鯛焼

「幕末日本探訪記」 ロバート・フォーチュン著

 著者は英国人のプラントハンターである。植物採集のために幕末の日本を訪問。だいたいプラントハンターなる仕事が珍しい。こういう役割の人を国家事業として未知の国に派遣するというのもいかにも大英帝国らしい。が、そういう感想はさておきこの英国人の見たかってのこの国の姿はどうであったか。

 とにかく気候は世界でも最も爽快の部類に入るし、土地は肥沃で、上等な木材生産の可能性があるし、穀物は豊富で、天然資源に恵まれている。

 谷間や樹木の茂る丘、亭々とした木々で縁取られた静かな道や常緑樹の生垣などの美しさは、世界のどの都市も及ばないであろう。

 手放しの礼賛ぶりである。つまらない人工物はなにもなく、湿潤な大気に包まれて野も山も緑が溢れていたかっての国土を思う。それでは自然は豊かだったが人の暮らしはどうだったのか。

 日本人の国民性のいちじるしい特色は下層階級でもみな生来の花好きであるということだ。気晴らしにしじゅう好きな植物を少し育てて、無上の楽しみにしている。

 通りすがりのある村で家族風呂らしい情景を目撃した。その時は老いも若きも、親、子、孫、曾孫など、数世代にわたる丸裸の男女が、一緒に混浴していた。

 花を好み、風呂を好み、酒好きで、物見高くて陽気な人々の姿が紹介されている。その一部は国民性として今に繋がるところもあるかもしれないが、すでに失われてしまった良質な部分かもしれない。

著者は同書の中で「桜田門の変」や「英国公使館襲撃事件」・「生麦事件」などにも触れ、この平和な国にも刻々と革命が近づきつつあり

この幸福で平和な日本の国が、世界列強の仲間入りをするための代償として、遠からず、心配されている戦争や、それに付随するあらゆる惨害は避けられないだろう。

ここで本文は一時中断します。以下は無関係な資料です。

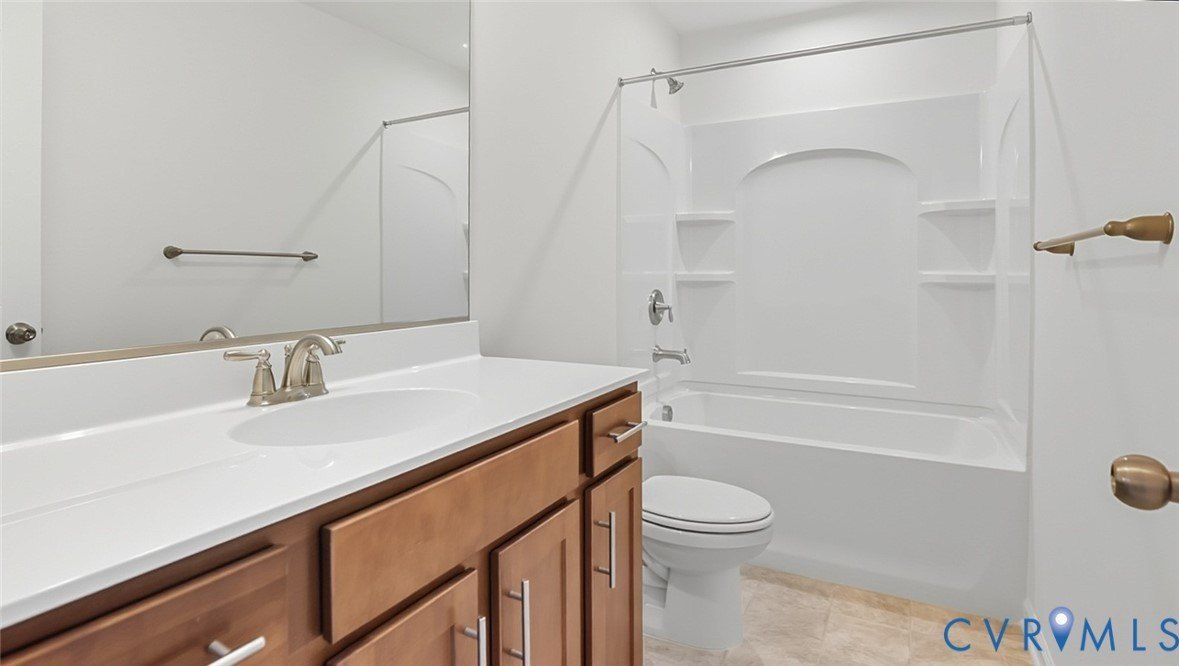 926 Scott Terrace. Richmond, VA 23227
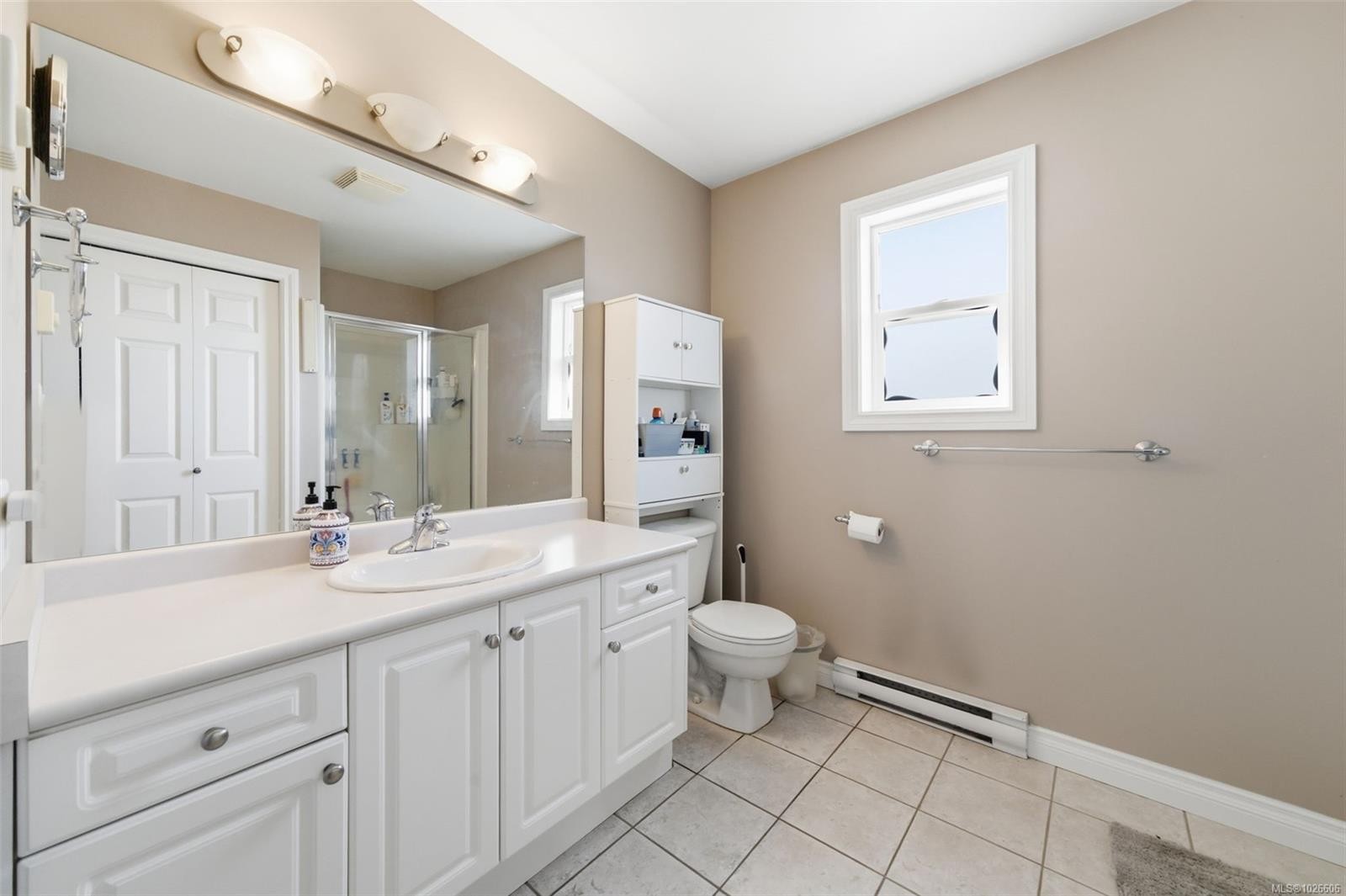 1185 Rock St, Saanich, BC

 としているが、今に思えばまさにそのとおりであった。今に生きるものが得たものは大きいだろうが失ったものも大きく、今がいいと単純には言えそうもない。だからといって歴史は流れるべくして流れてきたのであり戻ることは出来ない。かってこんな国があったと懐かしいような悲しいような愛おしいような気持ちで読み終わった。

 

 

 

 

     鯛焼を待ちて始まる句会かな

 

 

 

 

 約二十数年前、誘われて初めて入った句会。大先輩ばかりでいつも小さくなっていた。たった一人の男性参加者だったカワイさん。時々熱々の鯛焼をさし入れしてくださり女性陣は大喜び。あの句会では草餅もよく頂いた。主宰を始めメンバーの多くはすでに鬼籍に入られた。 合掌。